I lived on Union Turnpike in Flushing, across the street from Jamaica Estates, where Donald Trump was brought up. As a woman, what could you be besides a schoolteacher? You didn’t have options. My mother insisted I go to FIT. It didn’t cost us anything other than the carfare to get there and art supplies. My mother was a widow, and I remember having to scrape to get the carfare.

A really good teacher brings out what you can do—it becomes more about you than her. Helen Klupt was that kind of teacher. And Henriette Reiss was able to see colors and designs when she heard music. When she painted, you knew right away whether she was listening to a Tchaikovsky or a Chopin—you could see it in the art. She was very, very different. But boy, was she good.

After graduation I worked at Wamsutta, making $60 a week. God, was that a lot of money. We did flower designs for furniture and draperies. The fabric designers in the studio were absolutely phenomenal. When they did a rose, that rose stank—it was that realistic. When I started out, I had to take their designs and paint them in different colorways. Then I started designing on my own. I was being paid to do something I would have done for nothing.

At that time, we put out a line of home textiles by Melanie Kahane, an interior designer who was an icon of culture. Our studio floor was spattered with paint, and she came in dragging a mink coat on the floor. I was so impressed. I couldn’t believe someone could drag a thousand dollars of mink on a paint-spilled floor. When I found my ultimate fur coat, a kolinsky, it had a huge opera-type hood, yards and yards of fur. When I dragged that coat on the floor, it was the most marvelous thing I ever did. Melanie Kahane, eat your heart out.

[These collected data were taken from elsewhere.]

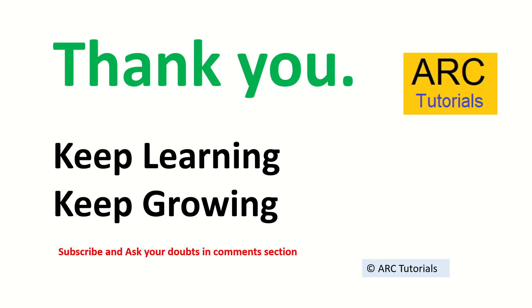Stay tuned, I will be bringing more such interview questions to help you prepare for your dream job. Till then keep learning, keep growing. Thank you so much for joining. Stay tuned, don't forget to subscribe to my channel ARC Tutorials. Thank you.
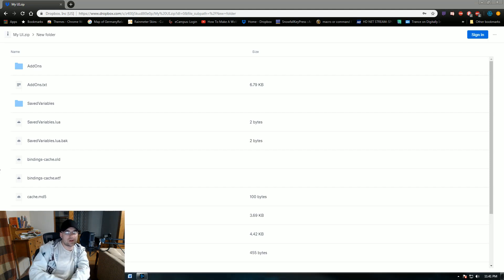Hey guys, Funky Music here. Just today I wanted to go over how to set my UI up. We're going to go from start to finish on this and hopefully walk you guys through how to set this up. So let's get to it.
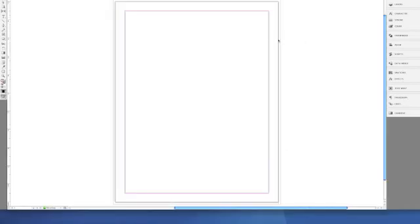Now you can see when we plugged in the bleed settings at the beginning, it gives us an actual guide for that. The red line is your bleed margin, the black line is the actual page margin, and the pink line is your document margin.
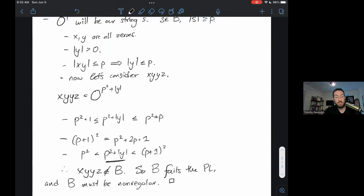Those are our two pumping lemma examples. I hope they were helpful to you, and I will see you in class.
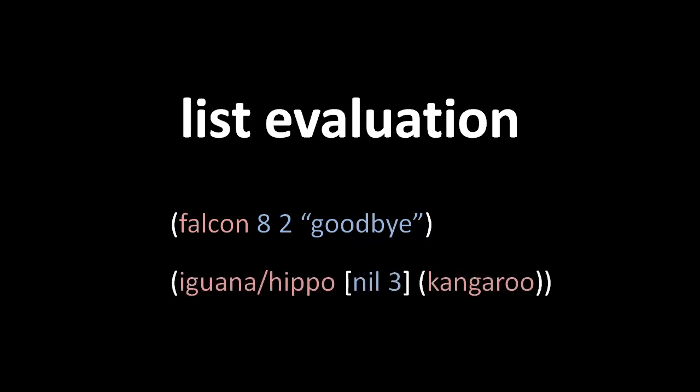So here another example. Iguana slash hippo resolves to the var mapped to the symbol hippo in the namespace iguana, and that var should contain a function.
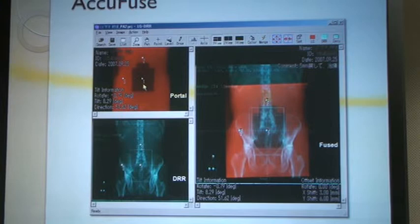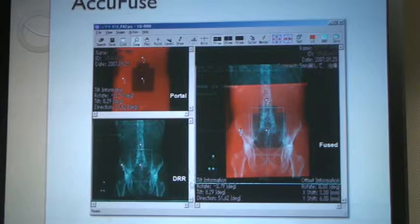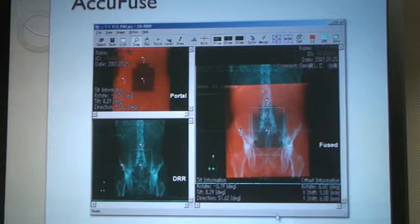With this software, you place control points at the isocenter and then 10 centimeters orthogonal, and do that on the DRR image and the portal image. Then it will fuse these two images so that you can use bony features to estimate the patient's setup error. The Y shift and X shift here tell you the required correction.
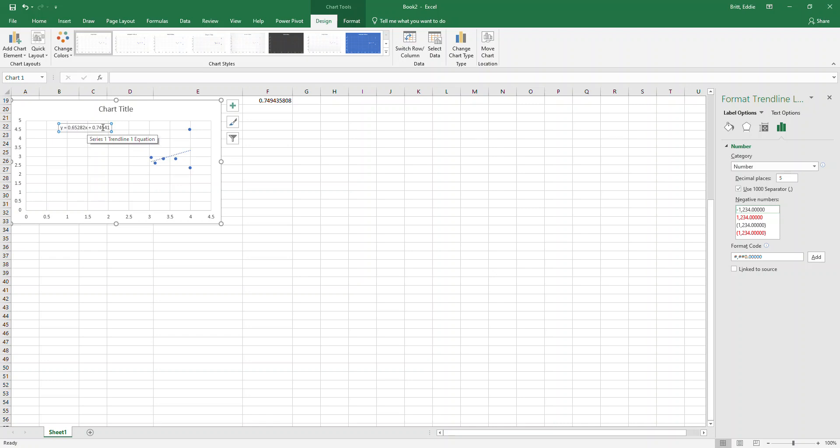What you do is you make your chart, you get it to draw the trend line by adding the element and clicking on linear and all of that. Once you get it here where you can show...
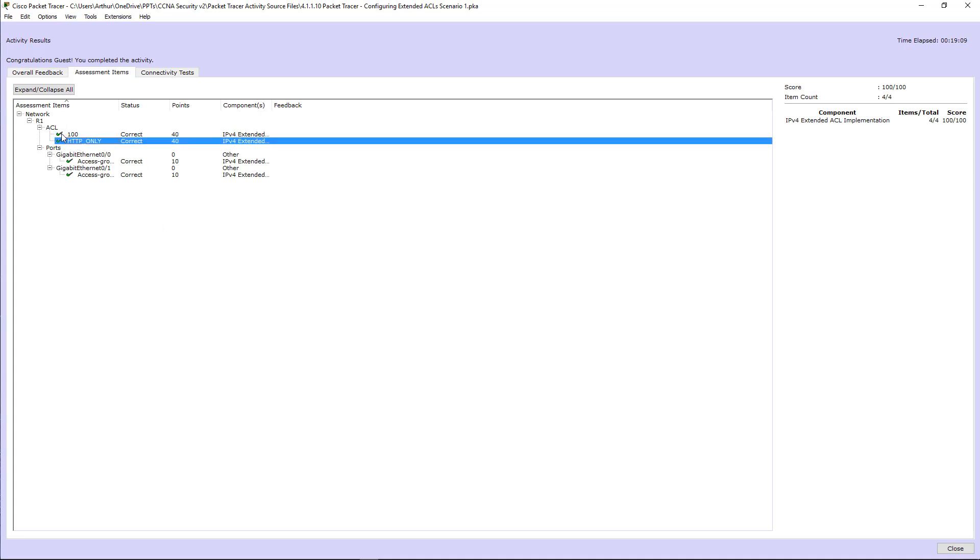So just because I added those two additional denying IP any any, instead of using the implicit ones, it dinged me on those. Which is crap, but it is what it is. If you have any questions, leave comments below. If you need any help, again, leave comments below. Thank you. You have a great day.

Inspired by Kahane, I became an interior designer. You gave me $500, and I’d completely redecorate your house—and I’d give you back change. In 1976, I incorporated and became Designing Woman. I did the sample houses for new developments—I became rather successful at it. I sold the company in the late ’90s. When I first retired, I thought I was going to go bonkers; it was not easy to find my place. But now it’s so wonderful. I volunteer as a docent at the Woodmere museum, and I paint. I hadn’t painted since I was 16. Guess what I paint mostly? Flowers! My gosh, can I paint a flower.